Bien entendu, Israël a toujours refusé de se retirer des territoires occupés et a rejeté tout État palestinien, ne serait-ce que sur un mètre carré de la Palestine. Depuis les années 1970, il a progressivement rempli la Cisjordanie de « colons » (israélien·nes) fanatiques, armés et religieux, qui volent de grandes surfaces des terres palestiniennes et assassinent en toute impunité, ce qui témoigne de la revendication maximaliste d’Israël sur l’ensemble de la Palestine. Ainsi, l’État d’Israël désigne la Cisjordanie par le nom de « Judée-Samarie », nom donné à ces régions il y a des milliers d’années. En 1980, Israël a commis un acte de banditisme international en annexant officiellement (au lieu de simplement « occuper ») la Jérusalem-Est palestinienne, dont il s’était emparé illégalement en 1967 (il a également annexé le plateau du Golan en 1981, qui est un territoire syrien souverain).

Et depuis lors, Israël a été pleinement soutenu par les États-Unis dans cette position de refus absolu, alors même que la plupart des États de l’UE ont progressivement adopté une position de deux États. Israël et les États-Unis ont rejeté ensemble toute négociation avec l’OLP, qui avait été reconnue par tous les États arabes (et par l’Assemblée générale de l’ONU) comme le « représentant unique et légitime » du peuple palestinien. Alors qu’aucun pays au monde n’a reconnu l’annexion de Jérusalem-Est par Israël, ni comme nouvelle « capitale » d’Israël, l’administration Trump aux États-Unis a finalement fait sienne cette décision hautement illégale en 2017, et l’actuelle administration Biden n’a pas annulé cette violation flagrante du droit international.

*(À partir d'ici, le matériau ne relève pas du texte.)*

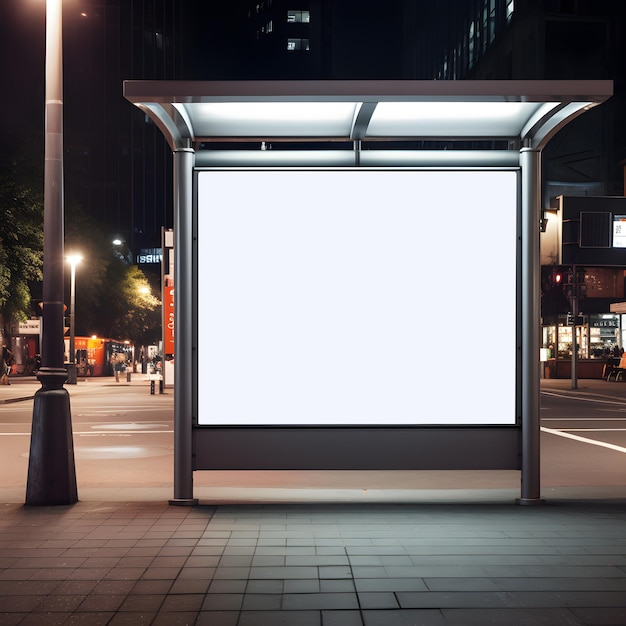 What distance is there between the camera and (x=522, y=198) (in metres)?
8.12

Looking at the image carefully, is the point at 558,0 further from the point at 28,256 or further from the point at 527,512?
A: the point at 527,512

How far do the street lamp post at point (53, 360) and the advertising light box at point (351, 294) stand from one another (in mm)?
1553

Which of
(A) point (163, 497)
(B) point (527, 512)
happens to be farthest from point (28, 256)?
(B) point (527, 512)

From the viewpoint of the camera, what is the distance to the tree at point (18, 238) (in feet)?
119


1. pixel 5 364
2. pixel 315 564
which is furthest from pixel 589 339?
pixel 315 564

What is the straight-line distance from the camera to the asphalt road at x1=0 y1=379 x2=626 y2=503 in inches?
358

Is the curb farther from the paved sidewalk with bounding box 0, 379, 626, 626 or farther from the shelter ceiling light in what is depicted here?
the shelter ceiling light

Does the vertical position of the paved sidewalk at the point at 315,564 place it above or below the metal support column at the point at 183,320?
below

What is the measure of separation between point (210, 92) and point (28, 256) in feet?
105

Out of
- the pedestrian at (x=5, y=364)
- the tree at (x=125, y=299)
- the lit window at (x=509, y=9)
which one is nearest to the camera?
the pedestrian at (x=5, y=364)

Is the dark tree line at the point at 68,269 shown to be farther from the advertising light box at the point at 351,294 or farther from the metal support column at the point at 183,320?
the advertising light box at the point at 351,294

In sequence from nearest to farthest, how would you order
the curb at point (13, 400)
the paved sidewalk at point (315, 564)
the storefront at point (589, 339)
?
the paved sidewalk at point (315, 564) < the curb at point (13, 400) < the storefront at point (589, 339)

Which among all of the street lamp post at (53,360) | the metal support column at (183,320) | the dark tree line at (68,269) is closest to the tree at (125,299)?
the dark tree line at (68,269)

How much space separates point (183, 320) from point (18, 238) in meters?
31.6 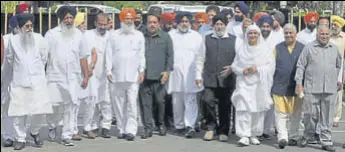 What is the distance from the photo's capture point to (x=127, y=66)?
11.0 m

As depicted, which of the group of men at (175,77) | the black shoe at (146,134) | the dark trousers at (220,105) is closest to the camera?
the group of men at (175,77)

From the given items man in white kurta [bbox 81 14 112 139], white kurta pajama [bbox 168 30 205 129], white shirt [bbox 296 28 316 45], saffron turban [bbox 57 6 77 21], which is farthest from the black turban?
saffron turban [bbox 57 6 77 21]

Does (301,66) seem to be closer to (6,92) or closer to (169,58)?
(169,58)

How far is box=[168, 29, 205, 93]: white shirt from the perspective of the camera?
11.6m

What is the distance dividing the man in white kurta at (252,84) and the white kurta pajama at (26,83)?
272cm

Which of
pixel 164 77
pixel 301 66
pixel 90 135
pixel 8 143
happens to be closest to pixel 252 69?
pixel 301 66

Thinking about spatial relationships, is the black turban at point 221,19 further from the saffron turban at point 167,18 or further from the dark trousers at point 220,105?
the saffron turban at point 167,18

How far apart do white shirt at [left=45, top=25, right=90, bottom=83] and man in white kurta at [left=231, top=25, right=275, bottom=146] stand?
90.1 inches

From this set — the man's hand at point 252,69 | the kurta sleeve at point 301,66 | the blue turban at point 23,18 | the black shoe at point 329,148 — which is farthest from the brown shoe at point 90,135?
the black shoe at point 329,148

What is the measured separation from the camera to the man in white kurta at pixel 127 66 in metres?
11.0

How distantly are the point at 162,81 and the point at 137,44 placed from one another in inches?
29.5

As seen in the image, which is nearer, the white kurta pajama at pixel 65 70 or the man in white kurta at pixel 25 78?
the man in white kurta at pixel 25 78

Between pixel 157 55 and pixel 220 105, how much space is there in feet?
4.18

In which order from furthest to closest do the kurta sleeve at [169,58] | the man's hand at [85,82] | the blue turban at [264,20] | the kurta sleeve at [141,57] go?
the kurta sleeve at [169,58], the kurta sleeve at [141,57], the blue turban at [264,20], the man's hand at [85,82] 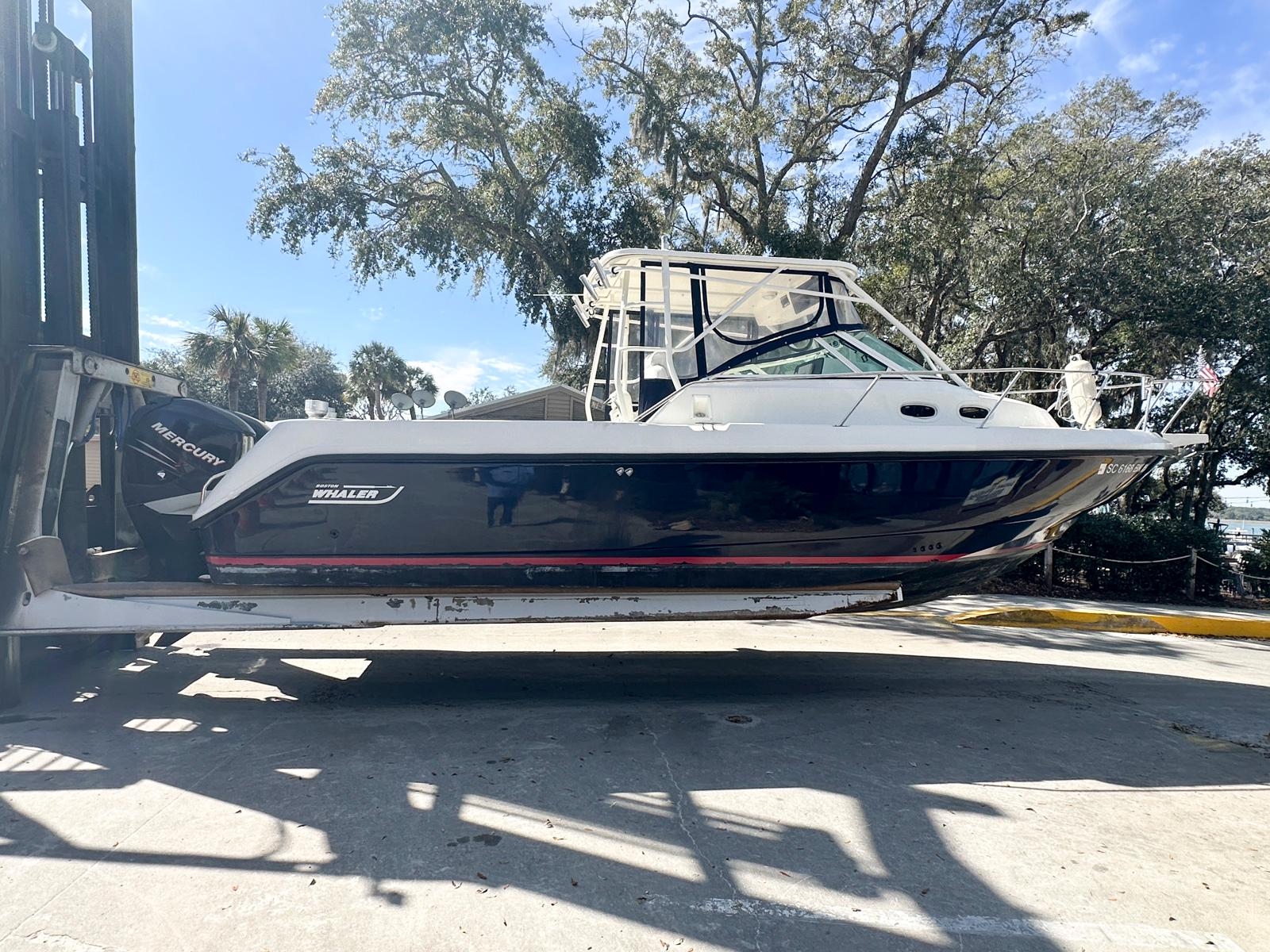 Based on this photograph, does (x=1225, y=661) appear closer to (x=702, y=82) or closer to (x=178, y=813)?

Pour résumer : depuis la fin des années 1970, Israël et les États-Unis sont les États rejetant ce qui est devenu le consensus international, voté à une écrasante majorité par l’Assemblée générale des Nations unies chaque année, à savoir la création d’un État palestinien souverain avec Jérusalem pour capitale sur 22 % du territoire palestinien – comme si le fait de permettre au peuple autochtone d’avoir un État sur seulement un cinquième de son territoire constituait une concession généreuse aux Palestinien·nes !

Le plan de paix de Fès et la déclaration d’indépendance palestinienne

En 1982, à la suite de la guerre horriblement meurtrière menée pendant trois mois par Israël contre les Palestinien·nes au Liban, le 12e sommet de la Ligue arabe s’est tenu au Maroc, à Fès, et a proposé le plan de paix de Fès (13), pour un État palestinien en Cisjordanie et à Gaza avec Jérusalem-Est comme capitale, en échange d’une reconnaissance arabe implicite d’Israël dans ses frontières légales (c’est-à-dire 78 % de la Palestine), la déclaration incluant « des garanties de paix entre tous les États de la région, y compris l’État palestinien indépendant ». Elle revendique les « droits nationaux inaliénables et imprescriptibles » des Palestinien·nes sans appeler explicitement au retour, mais ajoute un appel à « l’indemnisation de ceux qui ne désirent pas revenir », ce qui implique que celles et ceux qui le désirent doivent être autorisés à le faire. L’OLP et tous les États arabes, à l’exception de la Libye de Kadhafi, ont signé ce plan.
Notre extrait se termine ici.